Mobilité subie : quitter le territoire pour étudier
Le territoire joue également un rôle : les jeunes ruraux accèdent moins facilement à une offre de formation diversifiée. Ils sont ainsi plus nombreux à se tourner vers l’apprentissage ou des filières professionnelles. 77 % des jeunes ruraux déclarent devoir quitter leur territoire pour pouvoir suivre des études. Ce départ est souvent perçu comme une nécessité plutôt qu’un choix, bien qu’une majorité (82 %) expriment le désir de partir. Pour certains, cependant, cette mobilité est subie : 18 % s’y sentent contraints.

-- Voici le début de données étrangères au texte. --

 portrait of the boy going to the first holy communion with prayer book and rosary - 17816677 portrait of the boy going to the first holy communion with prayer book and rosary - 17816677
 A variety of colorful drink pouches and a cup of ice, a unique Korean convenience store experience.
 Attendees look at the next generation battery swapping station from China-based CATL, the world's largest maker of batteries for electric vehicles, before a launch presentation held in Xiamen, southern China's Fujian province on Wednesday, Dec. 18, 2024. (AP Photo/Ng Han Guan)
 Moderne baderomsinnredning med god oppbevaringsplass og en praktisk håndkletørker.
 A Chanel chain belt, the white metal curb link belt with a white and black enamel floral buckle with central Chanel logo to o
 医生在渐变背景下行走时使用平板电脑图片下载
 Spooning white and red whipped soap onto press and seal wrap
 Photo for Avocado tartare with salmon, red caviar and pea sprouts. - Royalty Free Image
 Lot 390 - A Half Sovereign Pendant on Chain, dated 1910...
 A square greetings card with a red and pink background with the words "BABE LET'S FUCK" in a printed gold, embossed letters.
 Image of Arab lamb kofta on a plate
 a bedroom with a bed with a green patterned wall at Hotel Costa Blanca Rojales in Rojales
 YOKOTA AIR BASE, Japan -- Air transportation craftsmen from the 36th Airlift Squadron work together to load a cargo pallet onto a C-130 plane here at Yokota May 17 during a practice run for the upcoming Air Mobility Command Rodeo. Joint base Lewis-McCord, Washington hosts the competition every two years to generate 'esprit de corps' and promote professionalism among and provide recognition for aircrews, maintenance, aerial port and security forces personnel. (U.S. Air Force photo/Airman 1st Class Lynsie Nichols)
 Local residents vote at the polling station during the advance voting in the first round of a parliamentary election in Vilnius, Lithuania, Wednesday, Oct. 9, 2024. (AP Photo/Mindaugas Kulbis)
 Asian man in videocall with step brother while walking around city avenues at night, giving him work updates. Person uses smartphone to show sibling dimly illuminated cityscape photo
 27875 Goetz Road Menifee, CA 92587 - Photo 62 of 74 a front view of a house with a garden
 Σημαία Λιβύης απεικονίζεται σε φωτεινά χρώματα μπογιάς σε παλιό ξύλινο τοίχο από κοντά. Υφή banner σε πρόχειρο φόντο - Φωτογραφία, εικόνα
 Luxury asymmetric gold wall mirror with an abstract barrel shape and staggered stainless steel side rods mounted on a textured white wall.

Une pression scolaire partagée, un avenir incertain
70 % des lycéens disent ressentir une forte pression scolaire, et 71 % se déclarent stressés par Parcoursup. Ce stress est particulièrement fort chez les jeunes ruraux, notamment en raison d’un projet d’orientation encore flou (65 % contre 55 % en ville). Malgré cela, 94 % affirment avoir choisi leur filière, un taux légèrement plus faible chez les enfants d’ouvriers et d’employés (88 %).
Par ailleurs, 64 % des jeunes interrogés expriment une anxiété face à leur avenir, un sentiment transversal, mais plus marqué chez les lycéens ruraux (68 % contre 63 % en ville).

Inégalités renforcées par le territoire
L’étude confirme que le milieu social reste le facteur principal des inégalités éducatives, mais que le lieu de vie accentue ces écarts. Par exemple :
- Seuls 53 % des jeunes de classes populaires urbaines font confiance à l’école, contre 68 % des jeunes de classes populaires rurales, qui y restent plus attachés malgré des conditions parfois plus difficiles.
- 42 % des jeunes urbains de milieux populaires pensent avoir une vie meilleure que leurs parents, contre seulement 31 % chez leurs homologues ruraux.
- Plus d’un jeune sur trois (1/3) déclare avoir déjà été victime de discrimination, un sentiment plus fréquent en milieu urbain.
L’enquête met en évidence une jeunesse confrontée à une double peine pour les plus défavorisés : celle du milieu social, et celle du territoire. Si les inégalités sociales sont connues, les inégalités géographiques demeurent souvent sous-estimées.